The move assumes significance in the wake of cross-border transactions gaining more prominence in financial markets, which in turn is also leading to a larger number of fraudsters and market manipulators trying to use offshore locations to avoid regulatory actions.
Armed with greater powers to seek information from "other authorities, whether in India or outside India", Sebi is now forcefully seeking required information from its peers in foreign countries for prevention or detection of violations in respect of securities laws, a senior official said.
These powers have been granted to Sebi through the Securities Laws (Amendment) Second Ordinance, which was promulgated in September this year to amend Sebi Act and other regulations governing capital markets. The Ordinance needs to be replaced by an Act after passage of the Securities Laws (Amendment) Bill, 2013 in the next Parliament session.

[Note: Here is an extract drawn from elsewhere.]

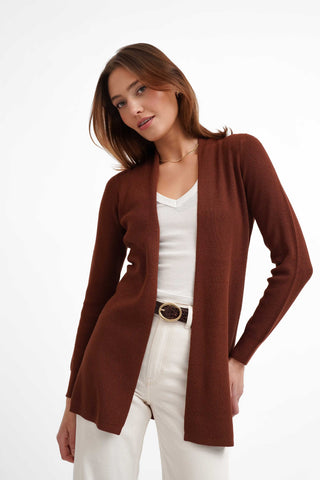 The Open Texture Long Cardigan
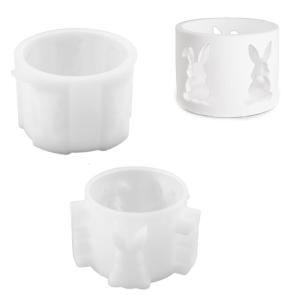Thiết kế thỏ sáng tạo mạnh mẽ Khuôn Silicone phụ kiện di động cho những người đam mê thủ công dự án trang trí nhà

As per the Ordinance, Sebi can enter into "an arrangement or agreement or understanding" with foreign authorities with the prior government approval for such information exchange.
Sebi has been very prompt in providing information to its overseas counterparts with which it has entered into MoUs, but the quantum of such information exchange so far has been skewed in favour of outward flow, the official said, while adding that the situation has begun to change drastically now.
Also, Sebi has been always very prompt in replying to such queries, which has been acknowledged by global bodies like IMF and IOSCO (International Organisation of Securities Commissions), but some foreign regulators were not equally prompt in replying to the Indian regulator's requests in past.
However, Sebi has managed to effectively advocate its case at various global forums in this regard over the recent months and subsequently it has begun receiving a greater cooperation from the overseas regulators, the official added.
Sebi is signatory to the IOSCO Multilateral MoU on international cooperation and information exchange. It has also entered into several bilateral MoUs including with its peers in the US, Malaysia, Mauritius and Hong Kong.
Sebi received a total of 37 'requests for information' in the last fiscal 2012-13 from overseas regulators seeking its assistance under the IOSCO MMoU or the respective bilateral MoUs. Sebi addressed and executed all these requests as per the provisions of the MMoU or the respective MoUs.
On the other hand, nine such requests were made by Sebi to respective regulatory bodies of other countries. The numbers of both inward and outward requests have gone up substantially in the current fiscal, the official added.
In last three years, Sebi has received an average of thirty requests per annum and roughly 70–80 per cent of these requests have been answered within 15 days.
Some of the requests involved collection of information from other entities or authorities, such as bank records, and they took longer time of 45-90 days. Besides, not a single case has been brought against Sebi before IOSCO's monitoring group for 'complaints on cooperation'.